Although this may seem to be just a movie, it is a telling story based on true events of the societal norms and typical life in Zambia, East Africa. This activity did not change any perspectives I had because I was unaware of these circumstances to being with. Following the movie, Angie & I were extremely curious as if this is was based on a true story of circumstances for the people in Zambia. We researched the topic and some information came up that caused us to believe this is a real part in the life of Zambia. I have only previously learned about witchcraft in the United States in the late 1800s and didn’t realize it this was a part of everyday life in modern Zambia. Although others were unaware of the current existence of supposed witchcraft, it still made me feel somewhat uncultured as this is a huge part of life in Zambia. This relates to the topic of International Affairs because this is common part of their culture that I was previously unaware of.

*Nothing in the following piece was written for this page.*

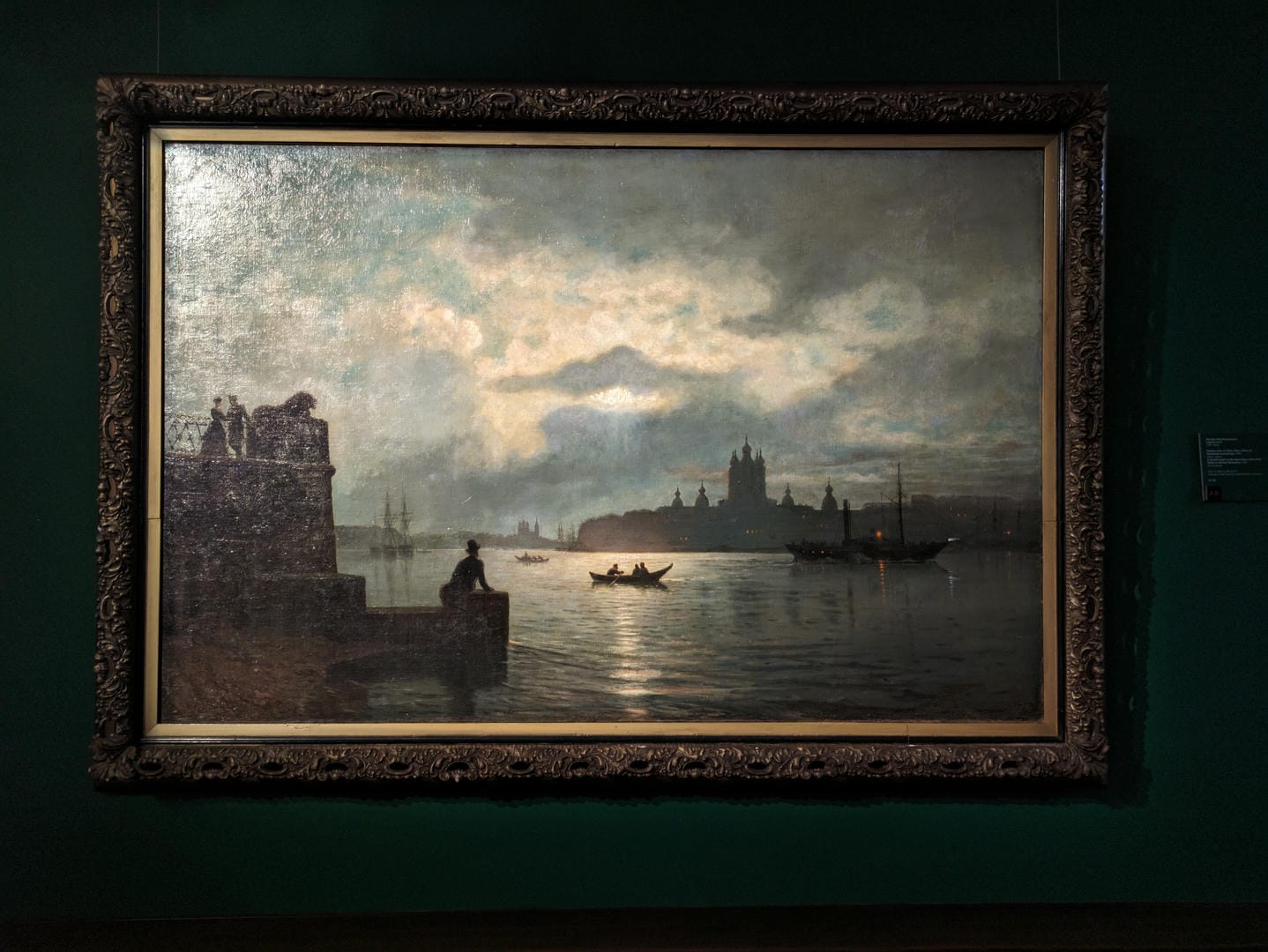 A painting depicts a city nightscape, with a river, boats, and distant urban architecture.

This has not related to any specific, previous coursework, but it is still extremely relevant to the countries experiencing it and other people understanding this phenomenon that is occurring. Because of this eye-opening experience, I am going to look more into the topic. In addition to witchcraft in Zambia, I am also interested in and going to research taboo occurrences that are currently going on in a specific country. There include but are not limited to: eating a specific way, dressing with a certain set of clothing, speaking to someone a certain way, etc. Although these may be particular to one country, it can still alter the way they live their lives and how it affects others. Because I have watched the movie “I Am Not A Witch,” I am more aware of aspects of a certain culture and how it affect theirs lives compared to my own!